Education leaders argue that Brazil’s edtech ecosystem is no longer dazzled by silver-bullet solutions. Read the full piece.

Source: Bett Show Brasil.

#5 Journalist targeted by Trump wins the 2026 Pulitzer Prize for Public Service

The Washington Post series exposed the impact of federal cuts to US agencies during the first months of the new administration.

Source: G1.

READING RECOMMENDATION 📚

Aos Pés da Letra (By the Letter)

Author: Gregorio Duvivier

Publisher: Companhia das Letras

Year: 2026

I bought tickets to take my family to see Gregorio’s play O Céu da Língua (“The Sky of Language”).
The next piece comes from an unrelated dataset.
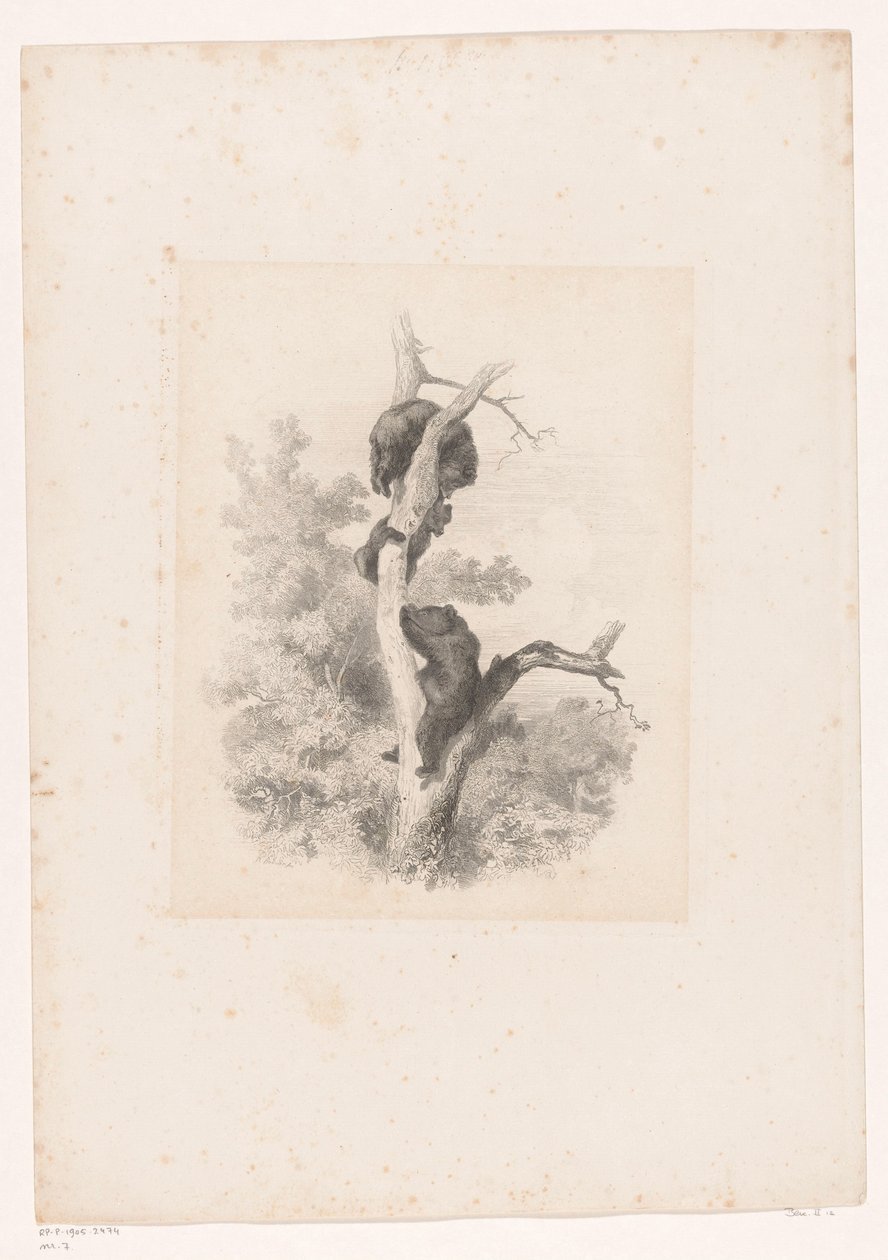Three Bears in a Tree Landscapes with Animals (series title) by Karl Bodmer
Through twists of fate, I haven’t managed to catch a performance yet. So I gave in and bought the book instead. Pure Brazilian essence, distilled with the very thing that has brought us this far: our language. The reading is light, smart and timely. Anyone who understands how words work — where they come from, what they carry, even how they can be used to manipulate a society — holds a tool no synthetic voter can replicate: critical analysis, and the ability to get the joke. Onward we go, because everything would be funnier if it weren’t so tragic.